6 thoughts on “Starry night — The Magic of Second Life”

  1. Totally amazing Johnny, thanks.

    Don McCleans music to it also – had to hold back the tears…

    OK, back to this paper otherwise Katinka will be screaming at me down the email channel by tomorrow.

    By the way, I am trying to put together an abstract for the Delft Conference – a chance I might get to Europe again mid next year.

    All the best for xmas and new year Johnny.

    Cheers
    Steve McKinlay

  2. Thanks Steve. As for the Delft conference, it overlaps with the ECAP conference (respectively June 18-20 and June 16-18) so I’m afraid I’ll have to give priority to ECAP… but I might swing by Delft on the 19th and/or 20th.

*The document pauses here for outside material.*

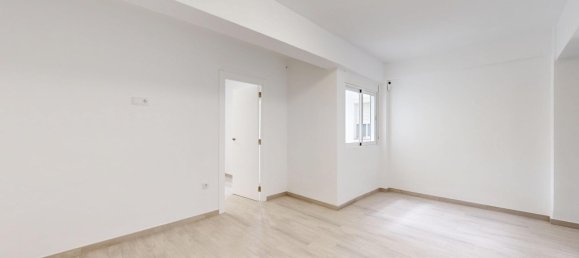 Apartamento de 3 dormitorios en Torrent, Spain No. 170591 18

    Good luck with the paper, and merry Christmas and new year to you as well.

  3. speaking of quality of life and new media, i wonder whether you guys link this stuff up to aristotle (you probably do): according to Aristotle, partecipation in public life is essential for the virtous life. But obviously representative democracy gets in the way. But with new media, the aristotelian ideal is no longer unreasonable (or less so anyway…)

  4. Thanks for your comment, Nullo. Yes, Aristotle certainly looms large in our project. Unfortunately, Aristotle is often used against new media in the sense that participation in virtual public life is somehow seen as less worthy than real participation. Unfortunately, I think this kind of argument lies behind many claims to the effect that virtual worlds leads to anti-social behaviour. I agree that Aristotle works better without representative democracy and can be better appreciated from the viewpoint of deliberative democracy … which is also the reason why I’m skeptical of people arguing that new media can be a tool for direct/representative democracy.

    Best,
    Johnny

  5. I wouldn’t want to argue that new media can bring about direct democracy; it’s too bold a claim, you’re right, and probably false too (even though I definitely think it’s interesting from the point of view of political participation)

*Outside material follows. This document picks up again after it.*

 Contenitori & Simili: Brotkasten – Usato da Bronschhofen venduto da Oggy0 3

    What I was interested in was the individual level: as in, whatever the effect of new media on society and the political system, it might enable an individual to live up to the high standards set by Aristotle.

    It’s true that, generalizing that to humanity (or just to a specific society) then you get something like the bold claim of which above. but the generalization is not necessary and probably not very wise – even though it might not be too bad as a moral principle

  6. Nullo,

    I absolutely agree. I recently wrote a paper about how virtual frameworks might (finally) bring about the uncensored Interent so many scholars have been talking about. If you’re interested, you can find it in the Information Society 24(1).